» Exercise instructions
Every record below should be transcribed exactly. Omit the images.

» Records for the task
########

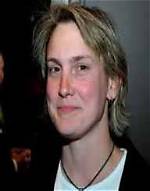 Stacie Andree Biography, Life, Interesting Facts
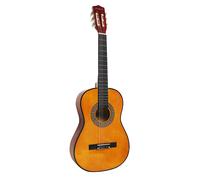 Martin Smith 3/4 Classical Guitar Natural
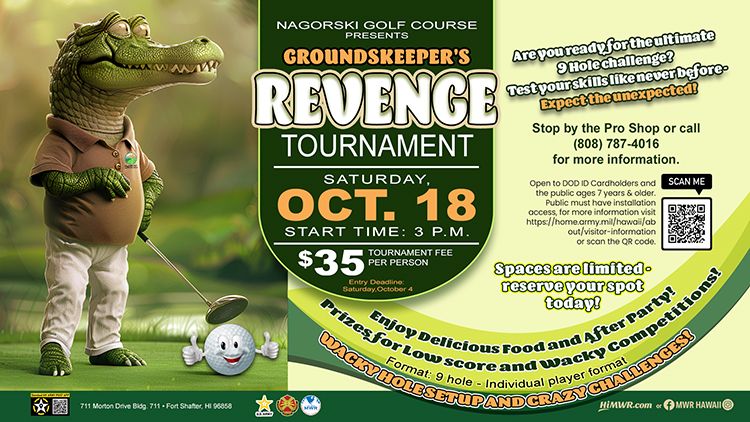 web hori ad_09-2025_Nagorski Groundskeeper Revenge Tourney.jpg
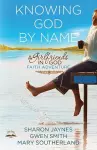 Knowing God by Name cover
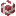 tintri.com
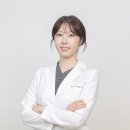 인천 다이어트 한약, 좋은 다이어트 한약을 고르는 기준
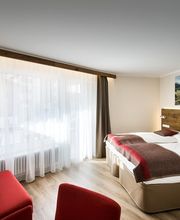 BUTTERFLY COLLECTION Bild 1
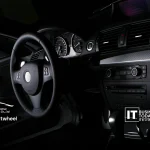 SC Automotive Engineering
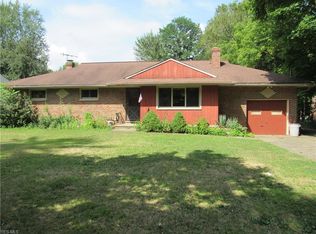 4632 Dover Center Rd, North Olmsted, OH 44070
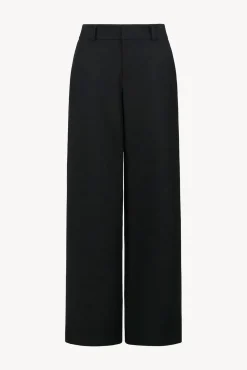 STAUD PRINCE PANT><noscript><img width=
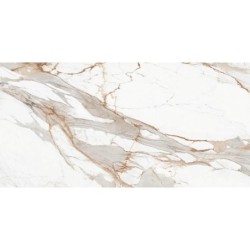 Encimera de cocina Ascale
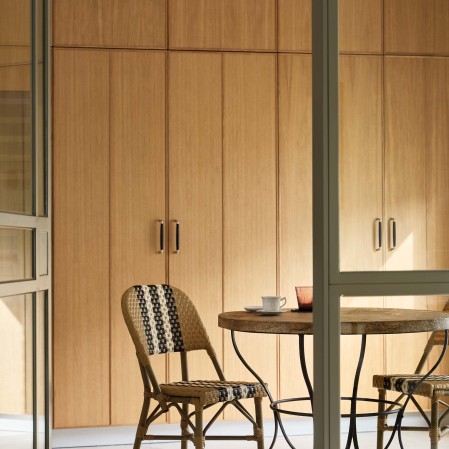 14 AngelVerdu Aravaca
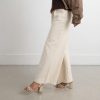 Mixmasterwardrobe.shopb00648b787 1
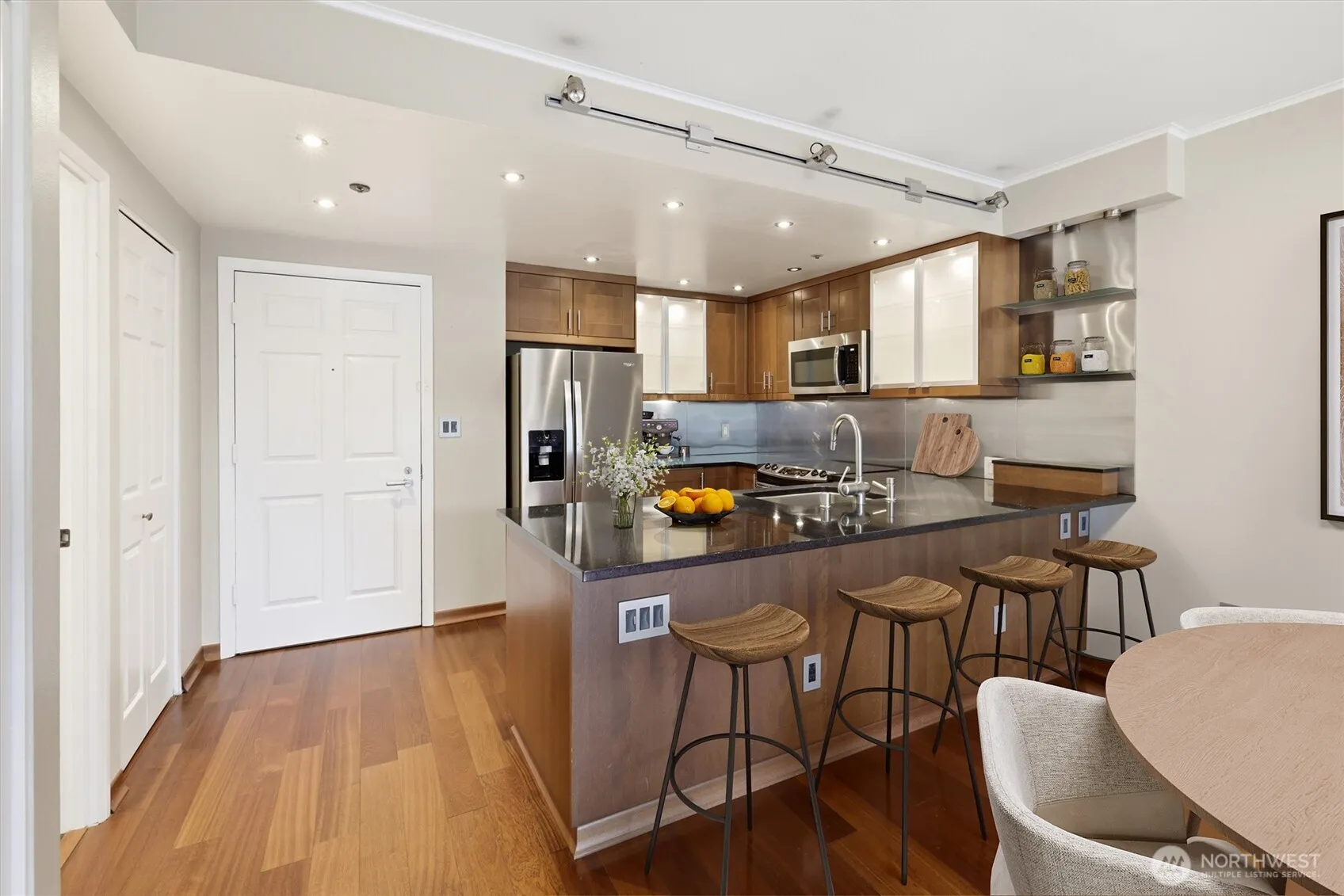 Property photo for 2600 2nd Avenue #508, Seattle photo 5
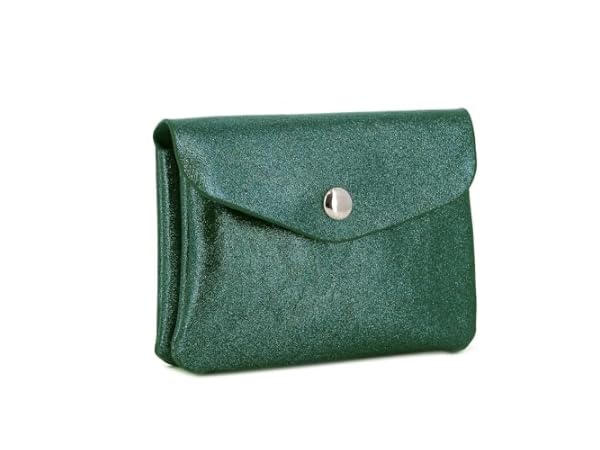 Porte-monnaie femme Vignette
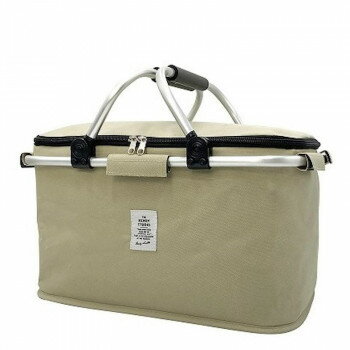 �ˤ� �͵� �������� ���� �� �� ¹ �� ������ ���ե� ���� �к� �ץ쥼��� HENRY STUDIO������߻���������Хå���BE...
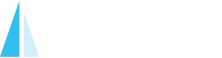 青木歯科 Aoki Dental Clinic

########

» Exercise answer
 Stacie Andree Biography, Life, Interesting Facts
 Martin Smith 3/4 Classical Guitar Natural
 web hori ad_09-2025_Nagorski Groundskeeper Revenge Tourney.jpg
 Knowing God by Name cover
 tintri.com
 인천 다이어트 한약, 좋은 다이어트 한약을 고르는 기준
 BUTTERFLY COLLECTION Bild 1
 SC Automotive Engineering
 4632 Dover Center Rd, North Olmsted, OH 44070
 STAUD PRINCE PANT><noscript><img width=
 Encimera de cocina Ascale
 14 AngelVerdu Aravaca
 Mixmasterwardrobe.shopb00648b787 1
 Property photo for 2600 2nd Avenue #508, Seattle photo 5
 Porte-monnaie femme Vignette
 �ˤ� �͵� �������� ���� �� �� ¹ �� ������ ���ե� ���� �к� �ץ쥼��� HENRY STUDIO������߻���������Хå���BE...
 青木歯科 Aoki Dental Clinic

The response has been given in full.